Uno degli argomenti più usati da chi ha un atteggiamento critico nei confronti delle auto elettriche riguarda lo smaltimento delle batterie (le più utilizzate commercialmente sono quelle agli ioni di litio). Che fine faranno milioni di accumulatori esausti nel mondo? Per quanto sia bene ricordare che il riciclo delle batterie permette il recupero di una parte delle preziose materie prime di cui sono composte e che le tecnologie in questo campo stanno facendo notevoli passi in avanti, la questione non è di poco conto.

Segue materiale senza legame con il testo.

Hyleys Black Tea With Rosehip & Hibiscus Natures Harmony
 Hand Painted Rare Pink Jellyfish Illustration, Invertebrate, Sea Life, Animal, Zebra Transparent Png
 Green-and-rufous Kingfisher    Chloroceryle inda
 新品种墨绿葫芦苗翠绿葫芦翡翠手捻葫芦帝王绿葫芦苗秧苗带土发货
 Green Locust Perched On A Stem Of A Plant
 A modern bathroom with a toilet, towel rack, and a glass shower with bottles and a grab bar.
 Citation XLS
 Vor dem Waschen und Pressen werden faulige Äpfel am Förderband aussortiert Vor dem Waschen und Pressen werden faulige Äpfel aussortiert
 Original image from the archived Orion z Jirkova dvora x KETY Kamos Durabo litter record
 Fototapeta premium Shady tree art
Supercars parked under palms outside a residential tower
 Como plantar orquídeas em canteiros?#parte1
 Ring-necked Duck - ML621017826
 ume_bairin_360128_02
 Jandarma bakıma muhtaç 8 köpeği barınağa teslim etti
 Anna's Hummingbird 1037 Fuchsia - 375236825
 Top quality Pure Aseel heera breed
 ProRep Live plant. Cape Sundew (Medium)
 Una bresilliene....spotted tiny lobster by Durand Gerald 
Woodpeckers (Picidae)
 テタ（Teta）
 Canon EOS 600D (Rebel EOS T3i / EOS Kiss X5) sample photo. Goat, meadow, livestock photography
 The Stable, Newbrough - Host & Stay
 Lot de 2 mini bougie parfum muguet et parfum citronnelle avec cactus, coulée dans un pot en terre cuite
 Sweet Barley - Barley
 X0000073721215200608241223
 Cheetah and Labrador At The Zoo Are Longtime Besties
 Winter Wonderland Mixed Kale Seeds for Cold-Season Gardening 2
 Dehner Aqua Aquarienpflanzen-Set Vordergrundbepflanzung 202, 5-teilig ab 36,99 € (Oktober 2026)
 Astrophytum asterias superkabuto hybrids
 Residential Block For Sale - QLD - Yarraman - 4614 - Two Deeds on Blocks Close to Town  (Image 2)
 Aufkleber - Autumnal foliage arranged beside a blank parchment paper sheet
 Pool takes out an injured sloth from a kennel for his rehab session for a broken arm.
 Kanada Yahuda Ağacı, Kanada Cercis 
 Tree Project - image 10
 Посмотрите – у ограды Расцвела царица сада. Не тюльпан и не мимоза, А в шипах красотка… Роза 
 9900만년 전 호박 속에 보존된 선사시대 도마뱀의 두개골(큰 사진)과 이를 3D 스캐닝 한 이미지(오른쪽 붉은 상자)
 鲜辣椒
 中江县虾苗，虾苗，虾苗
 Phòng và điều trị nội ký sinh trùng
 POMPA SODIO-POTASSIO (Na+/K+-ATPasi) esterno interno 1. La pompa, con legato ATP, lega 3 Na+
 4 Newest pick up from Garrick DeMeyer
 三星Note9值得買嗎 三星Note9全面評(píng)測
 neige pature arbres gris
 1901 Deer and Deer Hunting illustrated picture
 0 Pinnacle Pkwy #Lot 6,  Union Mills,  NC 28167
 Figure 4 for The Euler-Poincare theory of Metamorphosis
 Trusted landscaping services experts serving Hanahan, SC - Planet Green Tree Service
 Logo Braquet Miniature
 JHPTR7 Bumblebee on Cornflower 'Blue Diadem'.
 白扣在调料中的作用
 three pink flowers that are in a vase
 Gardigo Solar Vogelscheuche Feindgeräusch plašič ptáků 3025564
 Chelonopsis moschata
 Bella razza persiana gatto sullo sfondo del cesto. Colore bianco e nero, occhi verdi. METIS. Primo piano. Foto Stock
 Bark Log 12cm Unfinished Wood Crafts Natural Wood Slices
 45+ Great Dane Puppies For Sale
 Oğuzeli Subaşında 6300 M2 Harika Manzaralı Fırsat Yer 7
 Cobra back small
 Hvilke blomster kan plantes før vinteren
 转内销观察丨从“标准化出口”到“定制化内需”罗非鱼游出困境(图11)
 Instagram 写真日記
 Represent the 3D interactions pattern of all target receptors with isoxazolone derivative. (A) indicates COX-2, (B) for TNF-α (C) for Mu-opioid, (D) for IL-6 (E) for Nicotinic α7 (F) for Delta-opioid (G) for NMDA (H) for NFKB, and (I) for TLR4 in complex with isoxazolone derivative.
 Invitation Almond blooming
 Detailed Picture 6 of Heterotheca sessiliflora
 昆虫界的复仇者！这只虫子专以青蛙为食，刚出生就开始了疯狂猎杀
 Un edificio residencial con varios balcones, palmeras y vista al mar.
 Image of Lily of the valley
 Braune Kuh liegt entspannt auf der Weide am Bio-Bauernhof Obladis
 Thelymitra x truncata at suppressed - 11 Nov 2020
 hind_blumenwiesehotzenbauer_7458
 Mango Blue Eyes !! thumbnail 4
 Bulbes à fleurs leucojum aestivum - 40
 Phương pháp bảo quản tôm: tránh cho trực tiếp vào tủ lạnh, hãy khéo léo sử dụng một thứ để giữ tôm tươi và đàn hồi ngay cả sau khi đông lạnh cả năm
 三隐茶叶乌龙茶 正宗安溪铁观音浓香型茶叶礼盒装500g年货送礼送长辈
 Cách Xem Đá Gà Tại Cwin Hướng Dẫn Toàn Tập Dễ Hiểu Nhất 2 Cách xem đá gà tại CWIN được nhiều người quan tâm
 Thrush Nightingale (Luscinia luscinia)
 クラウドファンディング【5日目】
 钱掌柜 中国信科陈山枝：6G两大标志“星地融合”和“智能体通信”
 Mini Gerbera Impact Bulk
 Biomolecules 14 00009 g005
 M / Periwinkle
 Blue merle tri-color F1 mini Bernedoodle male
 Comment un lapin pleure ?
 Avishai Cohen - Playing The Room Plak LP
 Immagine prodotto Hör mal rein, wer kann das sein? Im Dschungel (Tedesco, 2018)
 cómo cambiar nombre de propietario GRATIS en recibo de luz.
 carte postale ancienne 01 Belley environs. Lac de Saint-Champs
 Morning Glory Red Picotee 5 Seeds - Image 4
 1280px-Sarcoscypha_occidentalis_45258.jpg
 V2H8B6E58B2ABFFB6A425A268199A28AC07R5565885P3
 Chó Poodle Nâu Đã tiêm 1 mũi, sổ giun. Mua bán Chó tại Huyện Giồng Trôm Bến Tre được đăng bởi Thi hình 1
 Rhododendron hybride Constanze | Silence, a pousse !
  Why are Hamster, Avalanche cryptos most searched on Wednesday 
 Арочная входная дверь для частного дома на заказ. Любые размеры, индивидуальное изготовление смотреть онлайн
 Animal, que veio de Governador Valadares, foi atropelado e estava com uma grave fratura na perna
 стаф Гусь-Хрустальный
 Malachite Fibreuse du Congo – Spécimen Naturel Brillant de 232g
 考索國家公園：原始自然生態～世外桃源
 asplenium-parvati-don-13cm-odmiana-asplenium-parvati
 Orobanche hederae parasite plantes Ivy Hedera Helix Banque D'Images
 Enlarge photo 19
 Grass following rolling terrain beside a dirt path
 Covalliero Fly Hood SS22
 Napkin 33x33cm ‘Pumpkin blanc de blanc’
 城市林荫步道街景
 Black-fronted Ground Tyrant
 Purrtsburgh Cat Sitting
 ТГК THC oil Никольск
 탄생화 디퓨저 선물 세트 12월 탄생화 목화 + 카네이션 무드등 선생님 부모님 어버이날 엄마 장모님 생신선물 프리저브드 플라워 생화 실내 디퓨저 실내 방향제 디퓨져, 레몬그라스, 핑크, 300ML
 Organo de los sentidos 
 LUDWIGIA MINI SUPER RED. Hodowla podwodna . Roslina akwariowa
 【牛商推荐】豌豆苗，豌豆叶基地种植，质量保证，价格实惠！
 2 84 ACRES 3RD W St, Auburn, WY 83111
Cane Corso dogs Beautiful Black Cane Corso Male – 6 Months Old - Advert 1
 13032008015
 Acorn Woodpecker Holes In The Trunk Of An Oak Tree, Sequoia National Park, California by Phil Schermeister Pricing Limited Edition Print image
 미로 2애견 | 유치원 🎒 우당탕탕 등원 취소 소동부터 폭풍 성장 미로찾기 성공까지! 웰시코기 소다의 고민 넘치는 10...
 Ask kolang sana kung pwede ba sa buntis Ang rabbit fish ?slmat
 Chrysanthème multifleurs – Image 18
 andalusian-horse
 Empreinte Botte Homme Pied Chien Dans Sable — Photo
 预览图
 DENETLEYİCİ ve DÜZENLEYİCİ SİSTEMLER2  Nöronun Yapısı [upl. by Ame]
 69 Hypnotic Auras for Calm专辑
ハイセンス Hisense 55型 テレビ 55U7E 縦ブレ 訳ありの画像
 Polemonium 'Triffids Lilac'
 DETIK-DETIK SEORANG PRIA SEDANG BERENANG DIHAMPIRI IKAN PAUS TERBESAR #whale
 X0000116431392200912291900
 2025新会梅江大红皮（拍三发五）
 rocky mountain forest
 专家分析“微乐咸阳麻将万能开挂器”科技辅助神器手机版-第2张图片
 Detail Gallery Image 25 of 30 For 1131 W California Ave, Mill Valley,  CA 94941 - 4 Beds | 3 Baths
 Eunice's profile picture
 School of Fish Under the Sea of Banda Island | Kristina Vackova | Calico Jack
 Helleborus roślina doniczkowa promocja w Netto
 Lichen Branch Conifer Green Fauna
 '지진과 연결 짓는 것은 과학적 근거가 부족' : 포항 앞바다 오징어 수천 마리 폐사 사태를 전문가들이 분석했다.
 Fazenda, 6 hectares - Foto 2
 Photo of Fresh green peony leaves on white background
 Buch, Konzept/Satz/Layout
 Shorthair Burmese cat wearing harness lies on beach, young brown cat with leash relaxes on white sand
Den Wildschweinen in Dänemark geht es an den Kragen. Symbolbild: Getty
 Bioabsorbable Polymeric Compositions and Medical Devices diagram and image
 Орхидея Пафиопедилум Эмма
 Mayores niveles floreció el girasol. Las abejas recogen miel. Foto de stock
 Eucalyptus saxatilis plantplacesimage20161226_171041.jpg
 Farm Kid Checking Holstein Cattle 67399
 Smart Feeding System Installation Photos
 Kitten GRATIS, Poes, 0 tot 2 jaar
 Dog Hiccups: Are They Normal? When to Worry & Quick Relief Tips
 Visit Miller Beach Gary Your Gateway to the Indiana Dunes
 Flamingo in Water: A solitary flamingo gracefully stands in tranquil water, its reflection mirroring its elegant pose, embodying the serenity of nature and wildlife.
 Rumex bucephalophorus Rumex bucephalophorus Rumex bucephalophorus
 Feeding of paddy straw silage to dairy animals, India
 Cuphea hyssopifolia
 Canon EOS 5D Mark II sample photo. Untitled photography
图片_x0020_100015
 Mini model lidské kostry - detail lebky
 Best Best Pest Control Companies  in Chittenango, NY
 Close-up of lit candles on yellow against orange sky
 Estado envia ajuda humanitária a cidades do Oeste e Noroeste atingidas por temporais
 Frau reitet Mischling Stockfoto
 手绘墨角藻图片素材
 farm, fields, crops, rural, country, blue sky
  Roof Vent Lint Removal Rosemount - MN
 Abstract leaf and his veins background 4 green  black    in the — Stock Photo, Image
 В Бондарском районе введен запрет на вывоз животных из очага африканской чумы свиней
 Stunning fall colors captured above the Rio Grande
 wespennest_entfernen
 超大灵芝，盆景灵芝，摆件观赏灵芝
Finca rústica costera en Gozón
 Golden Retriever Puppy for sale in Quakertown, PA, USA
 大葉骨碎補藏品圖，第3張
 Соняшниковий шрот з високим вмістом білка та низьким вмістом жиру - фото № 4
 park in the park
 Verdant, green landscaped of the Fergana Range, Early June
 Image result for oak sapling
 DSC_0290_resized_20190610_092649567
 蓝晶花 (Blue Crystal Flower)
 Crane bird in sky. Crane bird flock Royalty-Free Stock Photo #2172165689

Ne è consapevole il team di Remodule, il progetto – formalmente non è ancora una start up – nato nel 2019 nell'ambito del percorso di formazione dell'Università di Modena e Reggio Emilia chiamato TACC, sigla che sta per Training for Automotive Companies Creation, per lo sviluppo di idee nel campo automotive. Parliamo di un team composto interamente da giovani (l'età media si aggira intorno a 25-26 anni), che si sono laureati in ingegneria e in economia. L'obiettivo che si sono posti è stato quello di trovare un modo per recuperare le celle ancora utilizzabili dei pacchi batteria dismessi delle auto elettriche e reimpiegarle in applicazioni di accumulo stazionario.

Remodule ha già ottenuto importanti riconoscimenti, tra cui il Premio Repower per l’Innovazione 2020, ed è stato tra gli ospiti degli Emoving Days, l'evento sulla mobilità sostenibile tenutosi lo scorso weekend a Milano. Ma di che cosa si tratta esattamente? "La nostra idea parte da un problema: il costo elevato delle celle agli ioni di litio per l'accumulo stazionario", ci spiega Michele Franceschetti, ceo di Remodule. "Per accumulo stazionario intendiamo una importante fetta del mercato delle batterie. Non quelle montate su strutture in movimento (vedi il caso dei veicoli a trazione elettrica), ma quelle fisse. Ci riferiamo, per esempio, agli accumulatori presenti negli impianti fotovoltaici, oppure ai gruppi di continuità per gli ospedali o per quelle industrie che non possono permettersi black-out, o ancora alle colonnine di ricarica per i veicoli elettrici".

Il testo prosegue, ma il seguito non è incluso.